Exercise prompt =
The response must consist of the lines below from the one with "Love - Gold" through the one with "Sabina Musayev Ray", exactly as they appear and with both ends kept.
*** Opening Stored data ***
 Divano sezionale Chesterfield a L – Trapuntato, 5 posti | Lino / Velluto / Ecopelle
*** Closing Stored data ***
*** Opening Stored data ***
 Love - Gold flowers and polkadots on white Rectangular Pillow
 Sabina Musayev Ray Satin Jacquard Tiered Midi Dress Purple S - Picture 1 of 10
*** Closing Stored data ***
Task output =
 Love - Gold flowers and polkadots on white Rectangular Pillow
 Sabina Musayev Ray Satin Jacquard Tiered Midi Dress Purple S - Picture 1 of 10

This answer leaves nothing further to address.